“Lei aveva la biancheria intima quella sera? Si ricorda di aver cercato su internet il nome di un anticoncezionale quella mattina? “. Il libro bianco e il libro nero.
La musica leggera e le parole asciutte del dolore. Le canzoni sulle donne e le loro deposizioni nei processi. E i vestiti di Sanremo. E le chiavi di casa, ovviamente. La colpa e la vergogna. La semplicità che uccide la retorica. Dodici minuti appena.
Tutti oggi scrivono che il monologo di Rula Jebreal a Sanremo è stato “uno choc”, ma nessuno spiega perché. Fantastico. Tutti oggi applaudono, ma nessuno sembra ricordare che, solo pochi giorni fa, Rula Jebreal non avrebbe dovuto parlare su quel palco: “ingrata”, “anti italiana”, “filo-palestinese”, “antisemita”, “troppa politica”.
Lode a Fabrizio Salini che l’ha rimessa lì, dopo che una campagna di stampa aveva provato a delegittimarla. Applausi a chi l’ha difesa. Ma il senso del ridicolo suscitato da quelle piccole diffamazioni resta nell’aria, come un retrogusto sapido nell’ora del trionfo.
Alla fine è quasi bello che l’Italia sia il paese smemorato che abbiamo di fronte, che all’ingiuria si sia sostituito l’applauso, che adesso i trogloditi del ridicolo partito No-Rula tacciano. Dimenticare aiuta.
E alla fine è bello che Rula abbia vinto la su sfida contro il pregiudizio – quello contro di lei e quello contro le vittime della violenza – mettendo tutta se stessa in quei dodici minuti: il racconto della madre che si dà fuoco perché ha subito violenza, gli anni dell’orfanotrofio, le parole contundenti che arrivano dai tanti processi subiti da chi è stata ferita in questi anni, sui giornali, in tv e nelle aule dei tribunali.

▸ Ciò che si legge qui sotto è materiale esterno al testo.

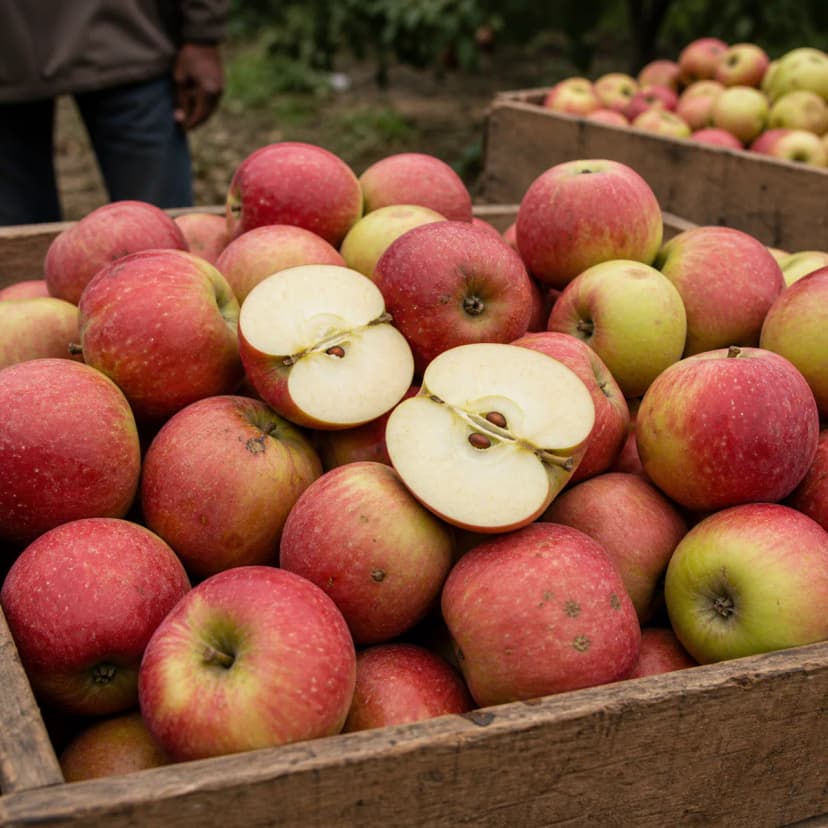 Pomme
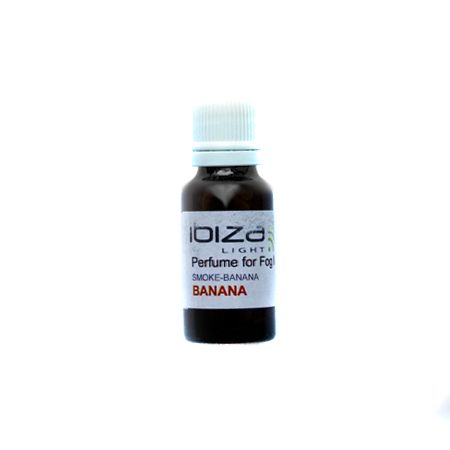 Parfum Lichid Fum 20ml Banana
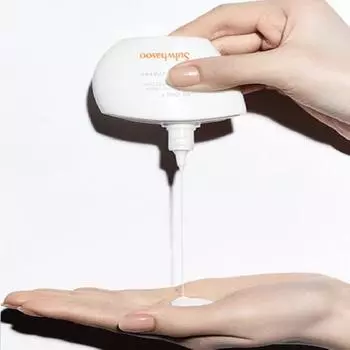 Sulwhasoo UV Daily Sunscreen Fluid 50 мл SPF50+PA++++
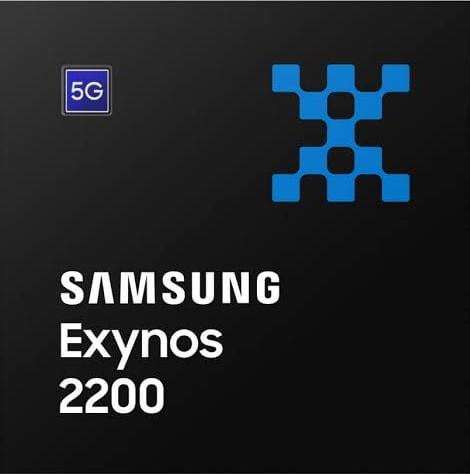 Samsung Exynos 2200 - Best Processor for Mobile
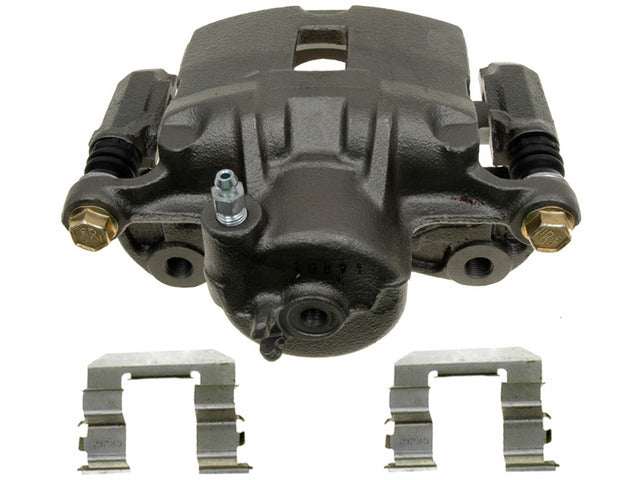 Raybestos Brakes Disc Brake Caliper P/N:FRC10891 Fits: Hyundai Elantra 98-96, Hyundai Tiburon 00-97 - Image 2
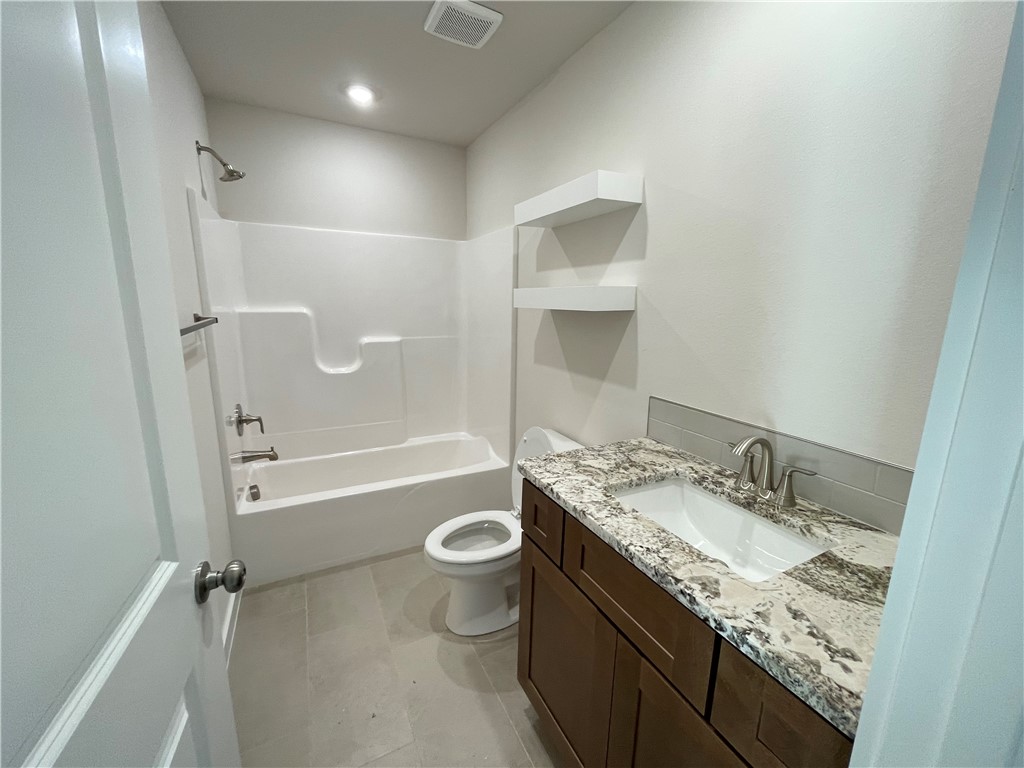 Heritage Ranch Ph 4 Siloam Spgs - Residential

E poi, ovviamente, i dati. Nudi, crudi, dolorosi da ricordare: “In Italia – ci ricorda Rula – in questo magnifico Paese che mi ha accolta, i numeri sono spietati. Lo scorso anno in media 88 donne al giorno hanno subito violenza e abusi. Una, ogni 15 minuti. Ogni tre giorni è stata uccisa una donna. E nell’85 per cento dei casi, il carnefice – ha spiegato la giornalista – non ha bisogno di bussare alla porta per un motivo molto semplice: ha le chiavi di casa. Ci sono le sue impronte sullo zerbino, l’ombra delle sue labbra sul bicchiere in cucina”.
È utile ricordare anche oggi le parole della vigilia, perché sono state un enorme castello di carte che stava per coprire la realtà di questo monologo: Rula non è stata “anti-italiana”, ma filo italiana, ovvero dalla parte dell’Italia migliore.
Non è stata “palestinese”, ma donna, senza aggettivi o bandiere, ovvero dalla parte di tutte. Non è stata “antisemita”, ma fiera nemica del femminicidio, dell’omofobia e di tutte le violenze, questo sì.
“Lo shock” c’è stato, dunque, ma non nel senso “sanremese” del termine. Non è stato cercare scandalo, ma dare un nome alla realtà. E lo shock non è stato quello che si è prodotto in teatro, per chi era in platea, o a casa, per noi che abbiamo ascoltato o letto le parole di Rula.
Lo shock sarà l’onda di ridicolo che attraverserà un’aula di tribunale, a partire da domani. Quando qualche avvocato improvvido chiederà: “Lei come era vestita?”. “Aveva biancheria intima quella sera?”. “Trova sexy gli uomini in divisa?”.
E sarà sommerso: dal ridicolo e dalla vergogna. Soprattutto perché, se è tra quelli che non ha sentito il monologo di ieri, ancora non sa che le parole della vergogna – anche grazie a Rula – sono bruciate per sempre.